Monday, April 27, 2020

the team found about 15,000 excess deaths from March 1 to April 4

Using data from the Centers for Disease Control and Prevention, the team found about 15,000 excess deaths from March 1 to April 4. During the same time, states reported 8,000 deaths from Covid-19. "That is close to double," Dan Weinberger, who studies the epidemiology of infectious diseases at Yale, told CNN.

End partial quote from:

https://www.cnn.com/2020/04/27/health/deaths-spike-covid-spread/index.html

It's just as I thought all along. There is basically a 2 to 1 ratio between the deaths of the ones tested and those that die non-tested. This proves it (at least for the Yale Study). 

So, if you take the number of deaths today and multiply that by 2 that is likely to be the number of deaths that were not tested that day for coronavirus in your area.

Then if you add the tested deaths to that (which you can most easily find by multiplying the deaths in your area by 3 (for an estimate of actual coronavirus deaths in your area) you will have a general idea of just how many people have died in your city, county, state or the U.S. or the world that day of coronavirus.

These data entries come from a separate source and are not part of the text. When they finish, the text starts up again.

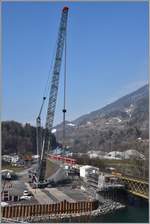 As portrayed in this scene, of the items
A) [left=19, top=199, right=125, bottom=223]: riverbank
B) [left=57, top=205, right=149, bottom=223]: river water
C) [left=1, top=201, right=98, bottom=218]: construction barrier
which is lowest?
[left=57, top=205, right=149, bottom=223]: river water

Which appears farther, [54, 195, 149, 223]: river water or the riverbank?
[54, 195, 149, 223]: river water

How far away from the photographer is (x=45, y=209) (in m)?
6.27

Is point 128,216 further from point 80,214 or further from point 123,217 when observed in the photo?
point 80,214

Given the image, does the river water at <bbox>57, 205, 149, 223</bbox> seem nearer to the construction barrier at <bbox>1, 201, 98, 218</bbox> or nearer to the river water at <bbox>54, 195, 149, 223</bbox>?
the river water at <bbox>54, 195, 149, 223</bbox>

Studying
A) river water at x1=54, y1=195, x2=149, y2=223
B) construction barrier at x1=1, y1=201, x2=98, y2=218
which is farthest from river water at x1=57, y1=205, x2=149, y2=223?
construction barrier at x1=1, y1=201, x2=98, y2=218

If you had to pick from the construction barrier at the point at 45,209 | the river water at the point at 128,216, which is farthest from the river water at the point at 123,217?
the construction barrier at the point at 45,209

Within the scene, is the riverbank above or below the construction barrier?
below

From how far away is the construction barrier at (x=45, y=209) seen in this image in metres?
6.07

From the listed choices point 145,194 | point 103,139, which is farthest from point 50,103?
point 103,139

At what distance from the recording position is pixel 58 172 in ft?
35.6

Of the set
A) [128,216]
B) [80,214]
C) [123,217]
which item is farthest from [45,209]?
[128,216]

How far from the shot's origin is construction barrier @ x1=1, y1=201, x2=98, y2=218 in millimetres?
6066

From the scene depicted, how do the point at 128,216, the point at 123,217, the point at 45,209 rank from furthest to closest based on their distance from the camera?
the point at 128,216, the point at 123,217, the point at 45,209

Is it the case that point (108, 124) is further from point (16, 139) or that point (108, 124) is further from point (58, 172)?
point (58, 172) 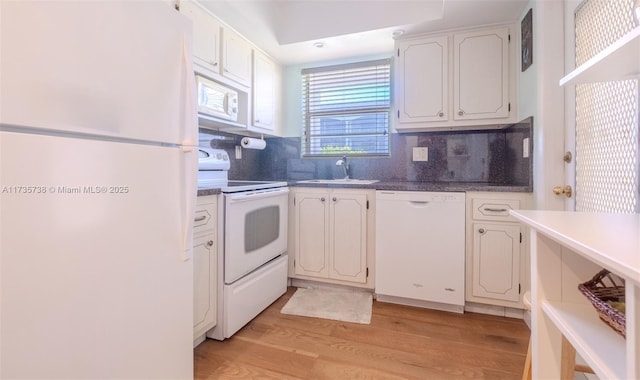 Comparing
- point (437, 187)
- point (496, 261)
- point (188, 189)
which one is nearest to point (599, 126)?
point (437, 187)

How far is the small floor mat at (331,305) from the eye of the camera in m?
2.10

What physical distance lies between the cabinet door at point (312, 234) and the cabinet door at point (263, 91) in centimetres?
76

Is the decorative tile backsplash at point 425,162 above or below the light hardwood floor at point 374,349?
above

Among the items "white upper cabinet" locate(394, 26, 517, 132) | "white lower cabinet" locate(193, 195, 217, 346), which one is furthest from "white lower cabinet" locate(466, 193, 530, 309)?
"white lower cabinet" locate(193, 195, 217, 346)

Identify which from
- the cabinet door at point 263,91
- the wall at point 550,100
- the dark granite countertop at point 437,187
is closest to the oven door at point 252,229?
the dark granite countertop at point 437,187

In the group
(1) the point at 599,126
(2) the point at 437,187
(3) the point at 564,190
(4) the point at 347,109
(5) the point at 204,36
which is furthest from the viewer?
(4) the point at 347,109

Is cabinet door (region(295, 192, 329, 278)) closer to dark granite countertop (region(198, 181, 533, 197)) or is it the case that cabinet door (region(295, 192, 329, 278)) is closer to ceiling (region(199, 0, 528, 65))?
dark granite countertop (region(198, 181, 533, 197))

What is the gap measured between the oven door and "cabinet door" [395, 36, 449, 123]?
1.21m

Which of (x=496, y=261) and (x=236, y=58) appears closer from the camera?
(x=496, y=261)

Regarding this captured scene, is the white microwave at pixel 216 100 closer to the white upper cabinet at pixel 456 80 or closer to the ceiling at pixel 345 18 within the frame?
the ceiling at pixel 345 18

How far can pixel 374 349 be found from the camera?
5.62 ft

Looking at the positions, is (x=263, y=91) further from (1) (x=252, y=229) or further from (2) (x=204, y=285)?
(2) (x=204, y=285)

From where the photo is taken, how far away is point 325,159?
3.07m

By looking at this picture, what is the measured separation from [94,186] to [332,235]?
5.77 ft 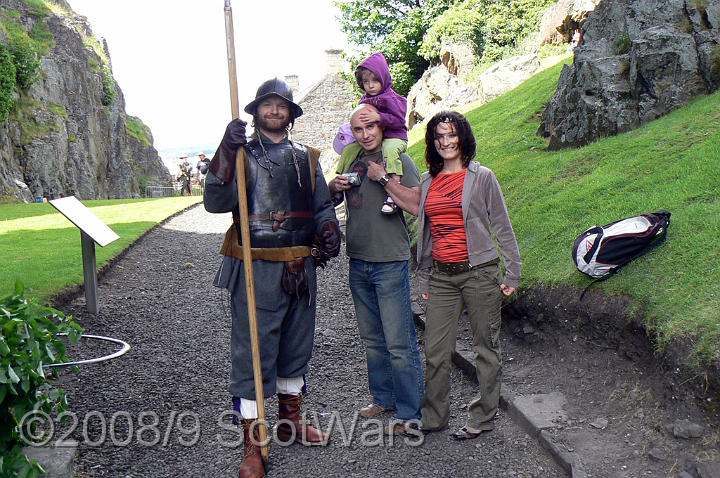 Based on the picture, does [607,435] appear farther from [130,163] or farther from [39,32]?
[130,163]

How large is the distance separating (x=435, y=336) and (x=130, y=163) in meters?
38.9

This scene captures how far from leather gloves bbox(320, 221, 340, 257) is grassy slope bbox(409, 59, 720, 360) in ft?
7.20

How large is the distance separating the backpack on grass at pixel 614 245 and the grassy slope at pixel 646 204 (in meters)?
0.09

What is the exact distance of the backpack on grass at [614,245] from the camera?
5.01 m

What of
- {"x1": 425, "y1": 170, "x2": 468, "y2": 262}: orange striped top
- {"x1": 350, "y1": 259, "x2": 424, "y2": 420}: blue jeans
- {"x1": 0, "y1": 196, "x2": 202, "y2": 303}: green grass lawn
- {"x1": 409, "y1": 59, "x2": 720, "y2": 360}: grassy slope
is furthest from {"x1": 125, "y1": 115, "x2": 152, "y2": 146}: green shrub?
{"x1": 425, "y1": 170, "x2": 468, "y2": 262}: orange striped top

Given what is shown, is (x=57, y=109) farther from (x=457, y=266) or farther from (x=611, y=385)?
(x=611, y=385)

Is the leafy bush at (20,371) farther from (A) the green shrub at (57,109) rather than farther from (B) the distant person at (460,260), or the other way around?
(A) the green shrub at (57,109)

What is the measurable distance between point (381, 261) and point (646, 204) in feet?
9.96

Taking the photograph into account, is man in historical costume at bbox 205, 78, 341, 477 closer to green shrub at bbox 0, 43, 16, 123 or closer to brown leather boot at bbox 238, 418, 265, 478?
brown leather boot at bbox 238, 418, 265, 478

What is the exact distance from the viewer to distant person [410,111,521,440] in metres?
4.16

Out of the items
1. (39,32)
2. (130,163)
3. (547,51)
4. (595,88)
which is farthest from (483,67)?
(130,163)

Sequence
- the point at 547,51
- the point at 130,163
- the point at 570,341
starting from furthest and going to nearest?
the point at 130,163
the point at 547,51
the point at 570,341

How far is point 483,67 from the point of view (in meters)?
20.9

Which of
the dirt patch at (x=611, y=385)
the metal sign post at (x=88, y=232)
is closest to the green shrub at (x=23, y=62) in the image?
the metal sign post at (x=88, y=232) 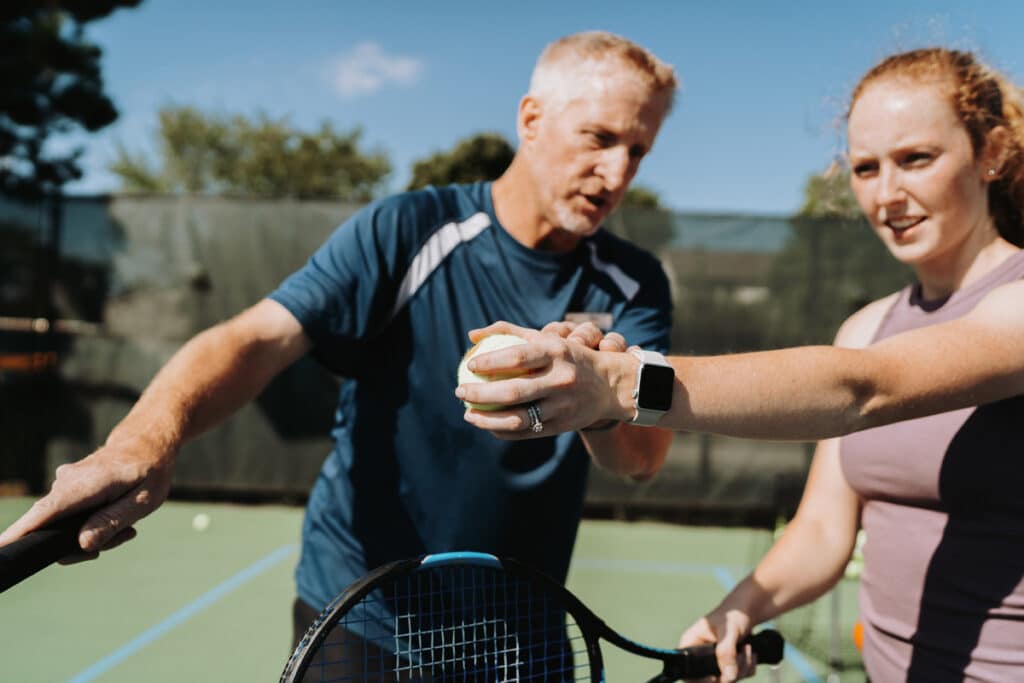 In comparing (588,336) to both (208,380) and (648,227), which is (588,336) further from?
(648,227)

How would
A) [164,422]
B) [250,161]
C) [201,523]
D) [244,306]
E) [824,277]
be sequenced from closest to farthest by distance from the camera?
[164,422]
[201,523]
[824,277]
[244,306]
[250,161]

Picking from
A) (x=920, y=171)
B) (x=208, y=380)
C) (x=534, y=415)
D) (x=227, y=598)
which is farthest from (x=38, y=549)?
(x=227, y=598)

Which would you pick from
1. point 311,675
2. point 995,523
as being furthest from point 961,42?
point 311,675

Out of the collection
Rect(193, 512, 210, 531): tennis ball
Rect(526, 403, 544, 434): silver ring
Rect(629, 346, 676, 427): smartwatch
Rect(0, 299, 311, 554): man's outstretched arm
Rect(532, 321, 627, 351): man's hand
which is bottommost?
Rect(193, 512, 210, 531): tennis ball

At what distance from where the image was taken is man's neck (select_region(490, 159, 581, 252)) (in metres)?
1.91

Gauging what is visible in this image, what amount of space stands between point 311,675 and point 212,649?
2626 millimetres

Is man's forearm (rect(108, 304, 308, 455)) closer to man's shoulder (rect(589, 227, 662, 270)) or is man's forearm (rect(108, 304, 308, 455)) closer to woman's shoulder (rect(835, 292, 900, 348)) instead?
man's shoulder (rect(589, 227, 662, 270))

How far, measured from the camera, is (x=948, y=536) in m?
1.40

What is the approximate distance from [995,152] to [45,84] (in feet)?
57.8

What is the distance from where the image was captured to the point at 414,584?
182 centimetres

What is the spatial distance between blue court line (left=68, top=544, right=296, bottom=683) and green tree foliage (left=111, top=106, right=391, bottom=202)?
92.1 ft

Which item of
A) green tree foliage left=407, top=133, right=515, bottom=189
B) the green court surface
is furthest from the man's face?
green tree foliage left=407, top=133, right=515, bottom=189

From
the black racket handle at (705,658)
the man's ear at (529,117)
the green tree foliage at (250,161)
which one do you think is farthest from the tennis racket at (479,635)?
the green tree foliage at (250,161)

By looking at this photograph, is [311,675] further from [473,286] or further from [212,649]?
[212,649] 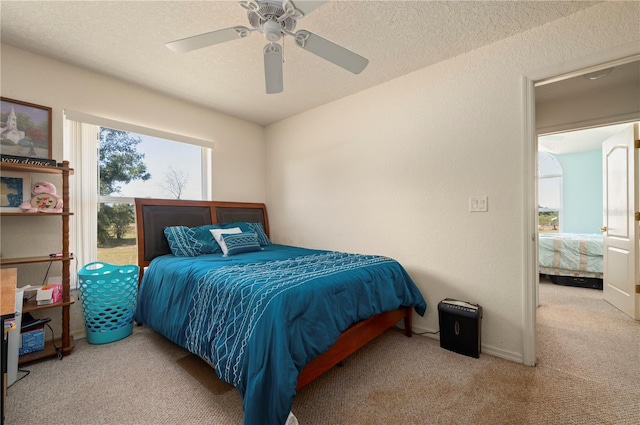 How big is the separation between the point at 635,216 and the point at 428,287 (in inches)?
91.4

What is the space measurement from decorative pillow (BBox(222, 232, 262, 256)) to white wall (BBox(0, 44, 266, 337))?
2.96 feet

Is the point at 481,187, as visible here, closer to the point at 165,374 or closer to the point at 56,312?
the point at 165,374

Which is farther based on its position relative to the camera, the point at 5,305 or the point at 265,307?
the point at 265,307

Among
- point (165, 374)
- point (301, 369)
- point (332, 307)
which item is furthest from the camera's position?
point (165, 374)

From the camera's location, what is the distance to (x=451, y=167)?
2.46 metres

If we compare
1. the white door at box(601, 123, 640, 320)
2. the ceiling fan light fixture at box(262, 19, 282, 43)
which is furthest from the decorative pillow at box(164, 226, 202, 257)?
the white door at box(601, 123, 640, 320)

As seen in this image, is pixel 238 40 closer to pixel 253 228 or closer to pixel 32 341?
pixel 253 228

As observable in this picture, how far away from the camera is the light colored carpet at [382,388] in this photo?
5.02 ft

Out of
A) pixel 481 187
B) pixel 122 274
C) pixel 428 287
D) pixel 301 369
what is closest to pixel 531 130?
pixel 481 187

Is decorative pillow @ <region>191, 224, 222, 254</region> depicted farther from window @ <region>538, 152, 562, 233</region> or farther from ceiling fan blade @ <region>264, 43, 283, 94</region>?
window @ <region>538, 152, 562, 233</region>

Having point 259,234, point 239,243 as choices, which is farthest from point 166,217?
point 259,234

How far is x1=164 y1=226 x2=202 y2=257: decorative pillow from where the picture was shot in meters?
2.79

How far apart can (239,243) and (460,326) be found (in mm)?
2187

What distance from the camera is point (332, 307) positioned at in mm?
1729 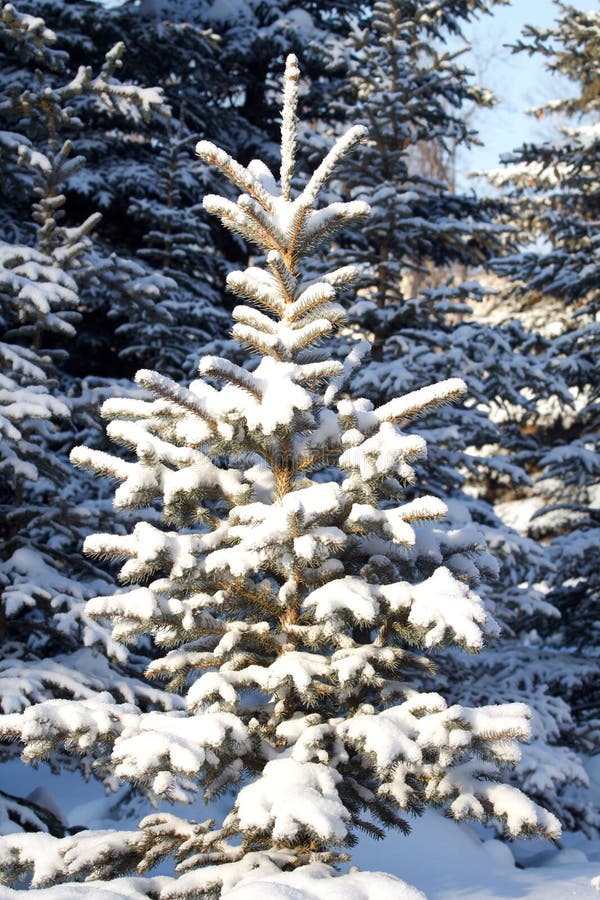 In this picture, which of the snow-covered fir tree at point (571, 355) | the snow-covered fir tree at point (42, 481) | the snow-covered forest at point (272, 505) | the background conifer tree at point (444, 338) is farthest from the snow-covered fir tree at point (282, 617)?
the snow-covered fir tree at point (571, 355)

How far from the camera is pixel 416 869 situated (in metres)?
5.18

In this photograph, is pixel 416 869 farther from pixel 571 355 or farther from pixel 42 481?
pixel 571 355

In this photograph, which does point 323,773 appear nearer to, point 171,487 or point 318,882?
point 318,882

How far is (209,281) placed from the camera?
11.4 metres

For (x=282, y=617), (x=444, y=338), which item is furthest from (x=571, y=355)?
(x=282, y=617)

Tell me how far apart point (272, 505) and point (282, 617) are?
1.95ft

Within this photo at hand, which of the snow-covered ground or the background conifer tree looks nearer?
the snow-covered ground

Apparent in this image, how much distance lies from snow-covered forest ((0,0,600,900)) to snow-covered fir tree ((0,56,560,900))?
0.6 inches

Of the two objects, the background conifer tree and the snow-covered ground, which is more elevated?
the background conifer tree

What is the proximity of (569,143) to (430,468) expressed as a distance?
5731 millimetres

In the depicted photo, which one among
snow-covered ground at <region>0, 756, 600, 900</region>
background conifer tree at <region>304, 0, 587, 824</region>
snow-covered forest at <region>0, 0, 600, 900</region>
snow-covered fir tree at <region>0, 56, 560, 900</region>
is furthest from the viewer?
background conifer tree at <region>304, 0, 587, 824</region>

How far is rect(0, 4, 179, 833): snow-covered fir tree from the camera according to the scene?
5.38m

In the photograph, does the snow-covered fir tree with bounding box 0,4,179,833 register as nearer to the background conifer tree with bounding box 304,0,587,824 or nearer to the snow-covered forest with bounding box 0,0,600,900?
the snow-covered forest with bounding box 0,0,600,900

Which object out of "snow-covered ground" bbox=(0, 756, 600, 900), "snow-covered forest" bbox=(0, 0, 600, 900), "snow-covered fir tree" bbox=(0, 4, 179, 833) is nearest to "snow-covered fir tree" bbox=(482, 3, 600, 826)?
"snow-covered forest" bbox=(0, 0, 600, 900) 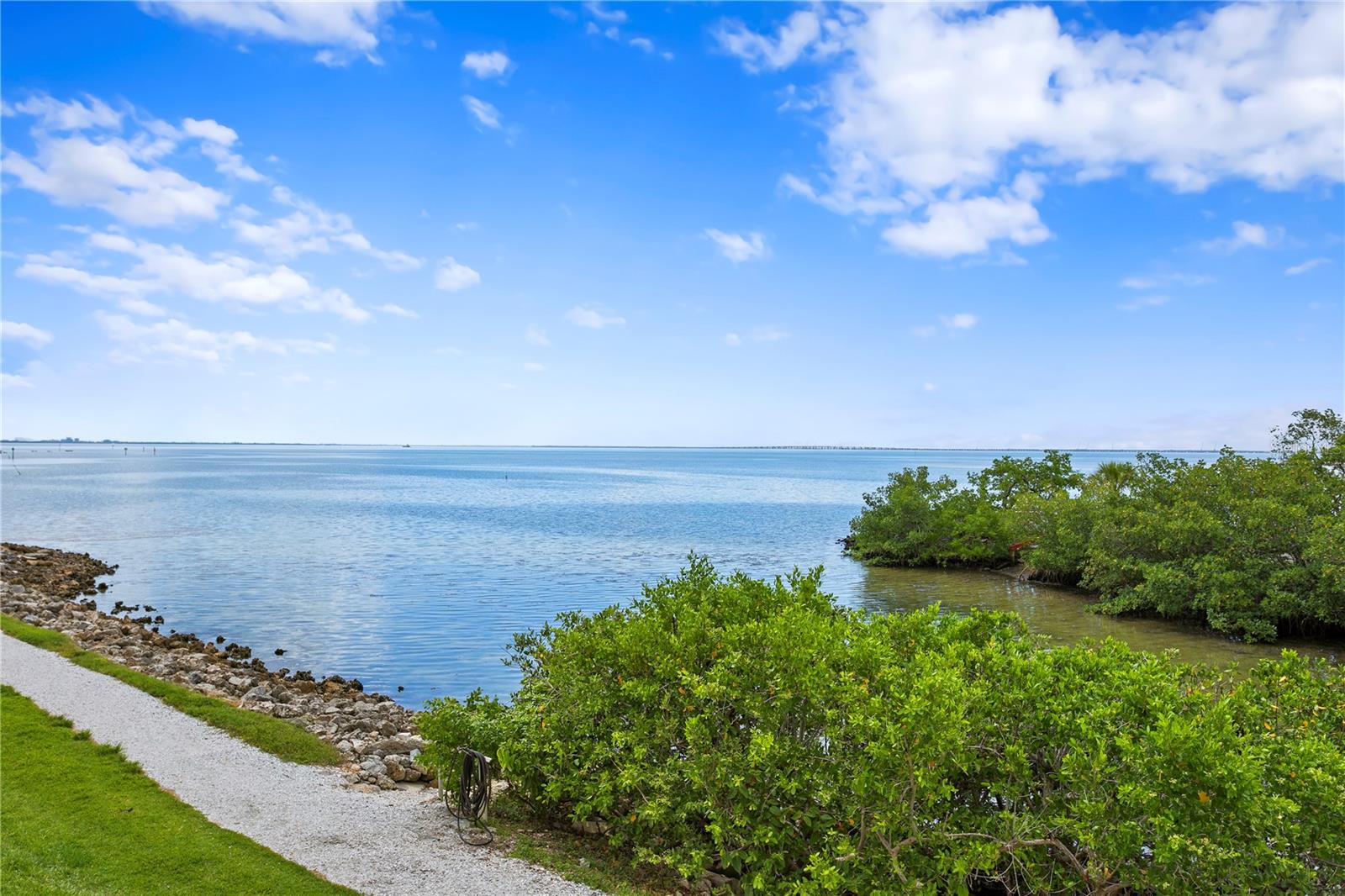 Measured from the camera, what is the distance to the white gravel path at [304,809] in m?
9.83

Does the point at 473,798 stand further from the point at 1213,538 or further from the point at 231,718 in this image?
the point at 1213,538

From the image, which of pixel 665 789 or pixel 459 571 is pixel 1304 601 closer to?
pixel 665 789

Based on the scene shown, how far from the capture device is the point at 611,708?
11055mm

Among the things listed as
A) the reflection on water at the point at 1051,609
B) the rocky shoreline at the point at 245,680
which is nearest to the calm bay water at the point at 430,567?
the reflection on water at the point at 1051,609

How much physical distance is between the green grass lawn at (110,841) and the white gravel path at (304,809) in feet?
1.02

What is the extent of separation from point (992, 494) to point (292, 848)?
44.6m

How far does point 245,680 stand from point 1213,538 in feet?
102

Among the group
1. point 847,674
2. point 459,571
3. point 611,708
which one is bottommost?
point 459,571

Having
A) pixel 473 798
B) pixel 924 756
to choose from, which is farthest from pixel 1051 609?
pixel 924 756

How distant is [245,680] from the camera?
2034 centimetres

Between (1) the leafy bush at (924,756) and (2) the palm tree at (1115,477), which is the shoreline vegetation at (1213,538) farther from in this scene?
(1) the leafy bush at (924,756)

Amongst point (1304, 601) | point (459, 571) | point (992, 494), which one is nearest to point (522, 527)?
point (459, 571)

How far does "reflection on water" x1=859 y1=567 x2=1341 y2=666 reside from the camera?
26.6m

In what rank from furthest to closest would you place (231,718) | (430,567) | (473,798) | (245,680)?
1. (430,567)
2. (245,680)
3. (231,718)
4. (473,798) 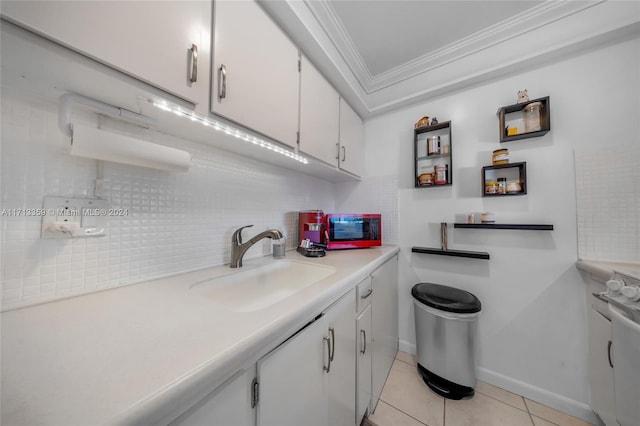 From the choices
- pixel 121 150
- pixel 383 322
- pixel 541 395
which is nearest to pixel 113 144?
pixel 121 150

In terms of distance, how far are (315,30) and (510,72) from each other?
1.38m

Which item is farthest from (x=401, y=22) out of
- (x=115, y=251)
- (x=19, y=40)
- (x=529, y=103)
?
(x=115, y=251)

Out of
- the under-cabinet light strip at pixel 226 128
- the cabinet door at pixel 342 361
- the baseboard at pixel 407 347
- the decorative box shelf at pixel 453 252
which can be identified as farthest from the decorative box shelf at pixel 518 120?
the baseboard at pixel 407 347

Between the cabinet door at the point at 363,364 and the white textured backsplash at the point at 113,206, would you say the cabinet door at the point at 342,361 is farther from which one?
the white textured backsplash at the point at 113,206

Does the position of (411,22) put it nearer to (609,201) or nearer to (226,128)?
(226,128)

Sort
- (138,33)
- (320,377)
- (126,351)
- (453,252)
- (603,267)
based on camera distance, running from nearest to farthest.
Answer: (126,351) < (138,33) < (320,377) < (603,267) < (453,252)

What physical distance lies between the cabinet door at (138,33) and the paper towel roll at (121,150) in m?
0.22

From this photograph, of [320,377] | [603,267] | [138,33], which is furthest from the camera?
[603,267]

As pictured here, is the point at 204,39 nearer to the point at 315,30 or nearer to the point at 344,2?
the point at 315,30

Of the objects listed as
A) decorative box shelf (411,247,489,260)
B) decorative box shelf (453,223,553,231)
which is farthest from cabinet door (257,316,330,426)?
decorative box shelf (453,223,553,231)

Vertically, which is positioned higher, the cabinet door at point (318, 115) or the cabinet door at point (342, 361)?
the cabinet door at point (318, 115)

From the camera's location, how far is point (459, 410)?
3.87 feet

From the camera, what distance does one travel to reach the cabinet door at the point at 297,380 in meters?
0.49

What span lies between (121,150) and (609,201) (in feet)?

However, I think this only works for the U.S. to do this and I'm not sure if this would work for states not that populated. But, for metropolis' in the U.S. this way of estimating might work in general to calculate the actual numbers of coronavirus deaths in your area.

Which you are not going to find in tested cases where people die.

The reason this study likely wouldn't work for other countries likely (unless it is European countries) is because other parts of the world have sometimes very different lifestyles and habits that would be different than Europe the U.S. and Canada and New Zealand and Australia.